Authors: Sergio Rey, Xin Feng, James Gaboardi

The max-p problem involves the clustering of a set of geographic areas into the maximum number of homogeneous regions such that the value of a spatially extensive regional attribute is above a predefined threshold value. The spatially extensive attribute can be specified to ensure that each region contains sufficient population size, or a minimum number of enumeration units. The number of regions \(p\) is endogenous to the problem and is useful for regionalization problems where the analyst does not require a fixed number of regions a-priori.

Originally formulated as a mixed-integer problem in Duque, Anselin, Rey (2012), max-p is an NP-hard problem and exact solutions are only feasible for small problem sizes. As such, a number of heuristic solution approaches have been suggested.

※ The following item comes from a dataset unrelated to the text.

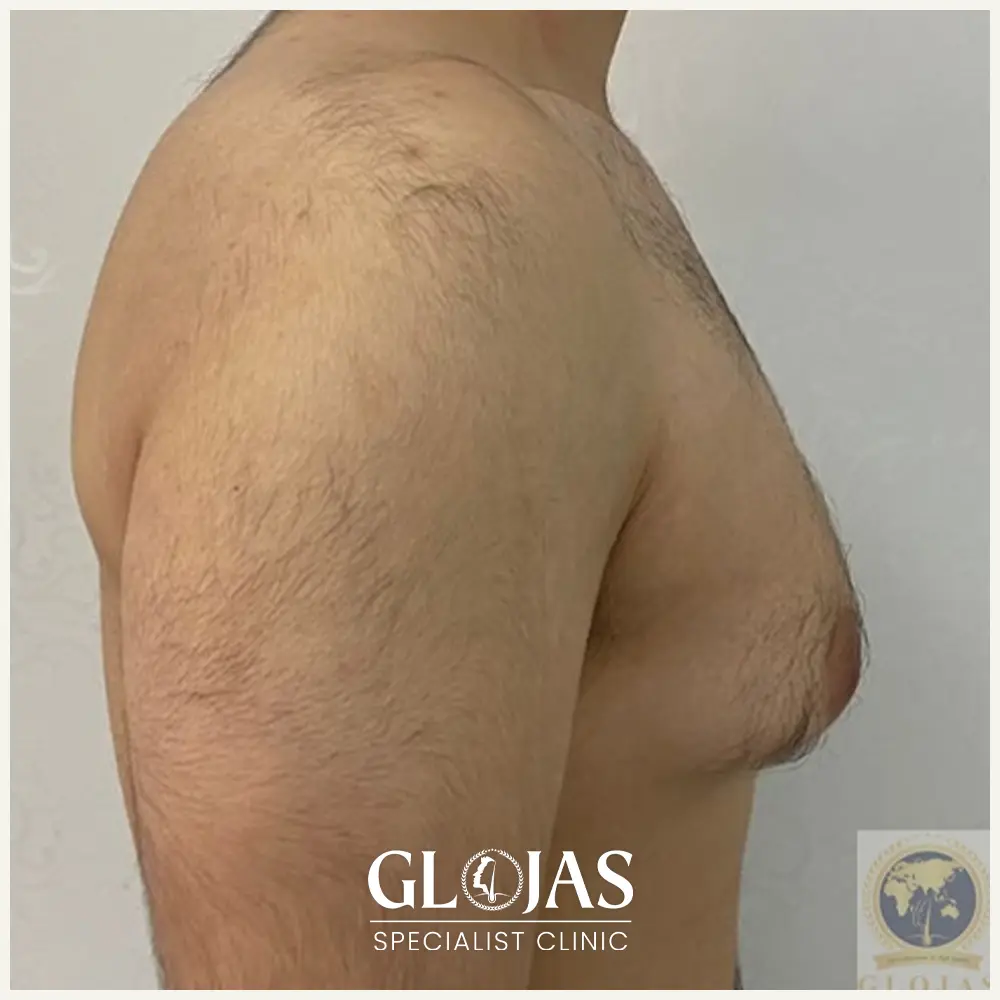 plastic surgery malaysia before afte gynecomastia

PySAL implements the heuristic approach described in Wei, Rey, and Knaap (2020).

[1]:
%config InlineBackend.figure_format = "retina"
%load_ext watermark
%watermark
Last updated: 2023-12-10T13:56:28.684909-05:00

Python implementation: CPython
Python version       : 3.12.0
IPython version      : 8.18.0

Compiler    : Clang 15.0.7
OS          : Darwin
Release     : 23.1.0
Machine     : x86_64
Processor   : i386
CPU cores   : 8
Architecture: 64bit

[2]:
import warnings

import geopandas
import libpysal
import matplotlib.pyplot as plt
import numpy
import spopt
from spopt.region import MaxPHeuristic as MaxP

RANDOM_SEED = 123456

%watermark -w
%watermark -iv
Watermark: 2.4.3

matplotlib: 3.8.2
spopt     : 0.5.1.dev53+g5cadae7
libpysal  : 4.9.2
numpy     : 1.26.2
geopandas : 0.14.1

Mexican State Regional Income Clustering

To illustrate maxp we utilize data on regional incomes for Mexican states over the period 1940-2000, originally used in Rey and Sastré-Gutiérrez (2010).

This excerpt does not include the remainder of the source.